Prompt: Beginning with the line below that contains "Building crane sketch Building" and ending with the line that contains "Letrero de metal", copy every line exactly. Copy nothing else.

:: Given records ::

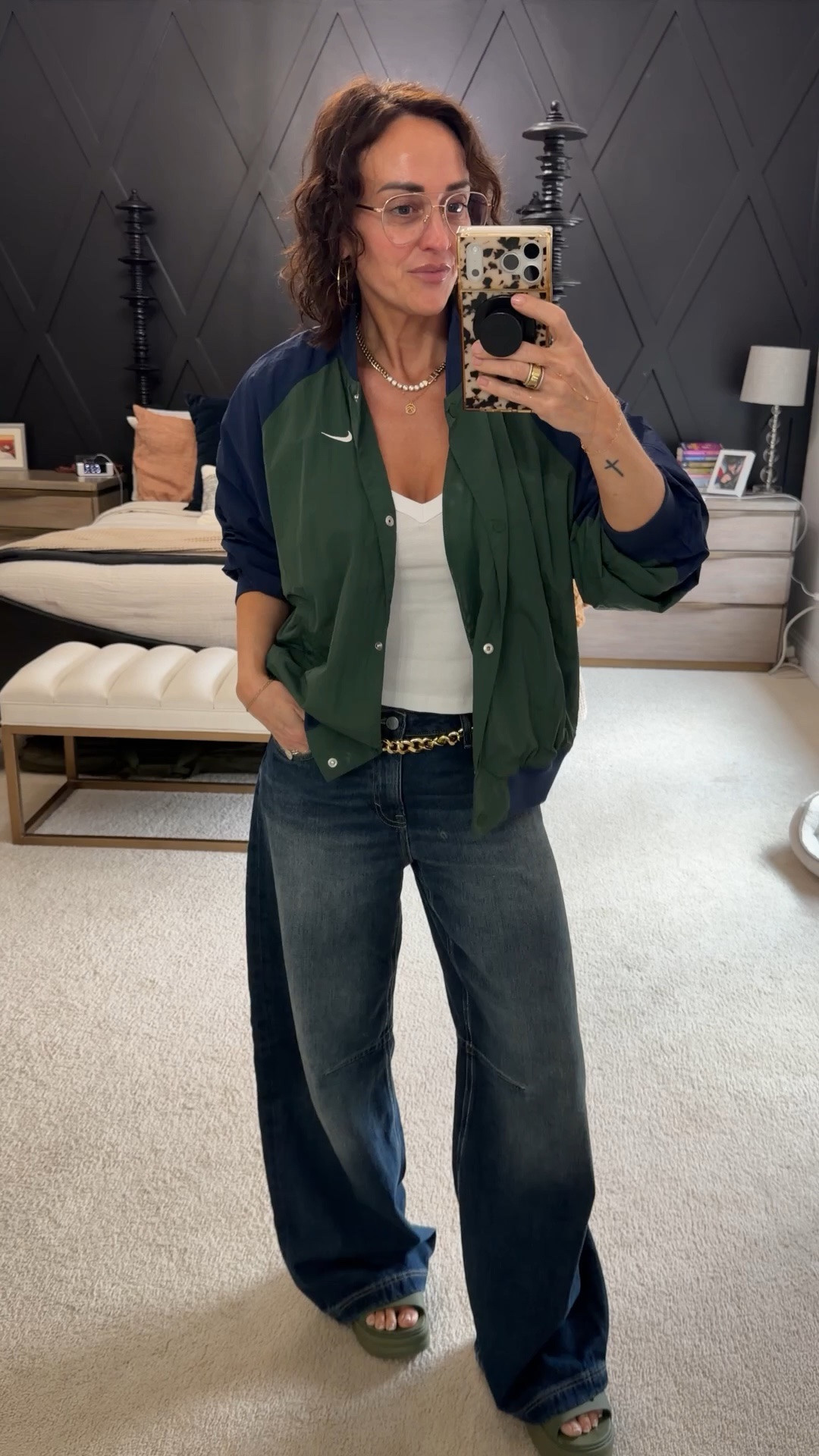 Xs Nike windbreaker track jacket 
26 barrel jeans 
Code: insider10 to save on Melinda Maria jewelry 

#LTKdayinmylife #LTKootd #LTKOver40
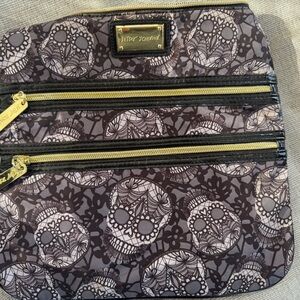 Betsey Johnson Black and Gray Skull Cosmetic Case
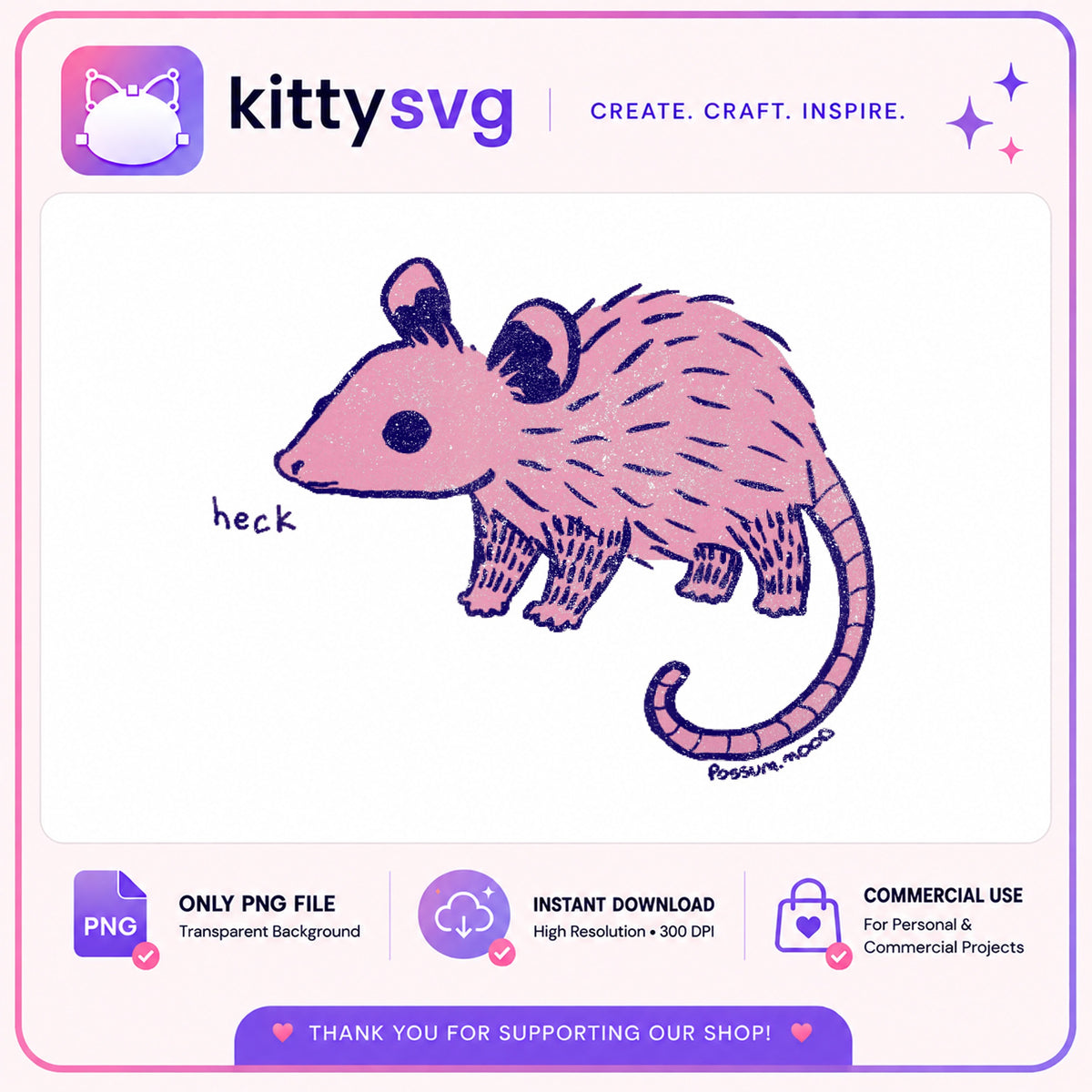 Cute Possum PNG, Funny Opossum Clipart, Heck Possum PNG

:::
:: Given records ::

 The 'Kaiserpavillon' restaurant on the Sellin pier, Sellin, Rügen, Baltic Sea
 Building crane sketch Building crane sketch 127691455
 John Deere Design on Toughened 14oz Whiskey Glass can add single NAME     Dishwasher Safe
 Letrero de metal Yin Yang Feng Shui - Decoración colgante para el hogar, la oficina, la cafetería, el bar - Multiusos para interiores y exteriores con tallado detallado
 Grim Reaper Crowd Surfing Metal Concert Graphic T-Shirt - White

:::

Exercise result:
 Building crane sketch Building crane sketch 127691455
 John Deere Design on Toughened 14oz Whiskey Glass can add single NAME     Dishwasher Safe
 Letrero de metal Yin Yang Feng Shui - Decoración colgante para el hogar, la oficina, la cafetería, el bar - Multiusos para interiores y exteriores con tallado detallado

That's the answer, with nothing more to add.